弟デイズ
弟視点です。
ちゃんと授業を受けて、いい成績を取って、うちのお父さんとお母さんが楽に老後を暮らせるような仕事に就きたいと思っているので、良い高校へ行って、良い大学に行こうと頑張ってます。
そんな僕にはお兄ちゃんがいるのですが、そのお兄ちゃんがなんと友達を連れてきました。
僕が知る限りでは、家に友達を連れてきたのは初めてだったので、僕は驚きました。
その友達に対して、お兄ちゃんは『早く帰れ』だの『うっとおしい』みたいなことを言うので、友達がかわいそうだと思い、お兄ちゃんに『友達は大切にしないとダメだよ』と言いました。
するとそのことで僕のことを気に入ったのか、お兄ちゃんの友達と仲良くなれました。
その人は木村紗枝さんと言って、お兄ちゃんとはちょっと違うような雰囲気の人でした。
紗枝ちゃんは・・・あ、紗枝ちゃんが紗枝ちゃんって言っていいよと言ってくれたので、僕は紗枝ちゃんと呼んでいます。
その紗枝ちゃんはとても僕に優しくしてくれて、すぐに仲良くなりました。
夜は3日置きぐらいにメールをしたり、家に来たときには僕のことも構ってくれました。
お兄ちゃんがあんまり僕に構ってくれないせいか、お姉ちゃんが出来たみたいで嬉しかったです。
そんな夏休みに入ってから一週間ぐらい経ったある日の夜。
紗枝ちゃんから電話がかかってきました。
「ねぇ弟くん。私、お兄ちゃんに告白しようと思うの」
紗枝ちゃんは、お兄ちゃんの事が好きだったようです。
いつもあんなに冷たくされているのに、どこを好きになったのかわからなかったので聞いてみました。
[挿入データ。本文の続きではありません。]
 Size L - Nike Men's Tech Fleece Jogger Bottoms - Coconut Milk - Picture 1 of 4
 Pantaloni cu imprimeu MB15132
「えー、それ聞いちゃうの? でも弟くんになら言ってもいいかなー」
そこからはノロケモード全開でした。
「あのね、最初はちょっと同じオタクとして趣味が合う友達程度だったんだけど、だんだん一緒にいるうちにコイツ意外といい奴だなーって思ってきて、私がちょっと友達とケンカしたときに助けてくれてね、あの時のあいつは結構かっこよかったなぁ。弟くんにも見せてあげたかったよ! 目の前であれこれ言われてるのを放っておけなかったのか、隣でスッと立ち上がって私の代わりに弁解してくれてさ。結局ダメダメだったんだけどね。でもあの時、私の味方をしてくれたのはあいつだけだったから・・・」
とても長かったです。
多分10分ぐらい話してました。
それにしてもお兄ちゃんが他の人を助けるなんて珍しいです。
いつも部屋で『フフフ。俺様が真の勇者だ!』ってパソコンに向かって言っていたのは、こんな時の予行練習だったんだと思います。
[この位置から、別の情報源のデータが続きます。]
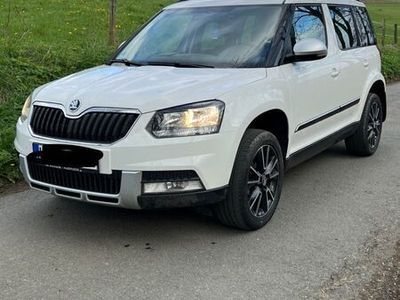 gebraucht Skoda Yeti 4x4 AHK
そういえば小さいときに、僕が野良犬に追っかけられたことがあって、その時も助けてくれた気がします。その時は、お兄ちゃんが追いかけられてるスキに僕だけ逃げたんですけど、今思うとお兄ちゃんが引きつけてくれたから僕が助かったんだと思います。
その頃から、僕はお兄ちゃんのことが大好きでした。口ではあー言っているけど、本当は優しいお兄ちゃんなんだと思っています。
お兄ちゃんは結構優しいんだと思います。
そしてお兄ちゃんと紗枝ちゃんが夏休みの宿題をすると言うことになりました。
夏休みの途中から紗枝ちゃんは、毎日ウチに来ていました。
帰ってから、僕にメールが来て『今日も告白できなかったorz』と毎日メールが届いていました。
そしてお兄ちゃんと二人きりで勉強は恥ずかしいからということで、紗枝ちゃんに呼ばれて、三人で勉強会が始まりました。
お兄ちゃんは紗枝ちゃんの質問に適当に答えるばかりで、真面目に勉強を教えてあげてませんでした。
紗枝ちゃんが聞いても適当に答えるので、僕がお兄ちゃんに注意をすると、お兄ちゃんはちゃんと答えるようになってくれました。
そして夕方になって紗枝ちゃんが帰るというので、お兄ちゃんに無理矢理送って行くように言いました。
お兄ちゃんに彼女が出来るのはちょっと寂しい気もしましたが、紗枝ちゃんと付き合ってくれるなら良いかなと思いました。
するとしばらくしてリビングでテレビを見ていると、お兄ちゃんがバタバタと帰ってきてそのまま部屋へと行ってしまいました。
そのあともお兄ちゃんは部屋から出てこず、今流行りのひきこもりというやつになってしまったようでした。
夜ごはんが出来たので呼びに行っても返事はなくて、朝になっても出てくる気配はありませんでした。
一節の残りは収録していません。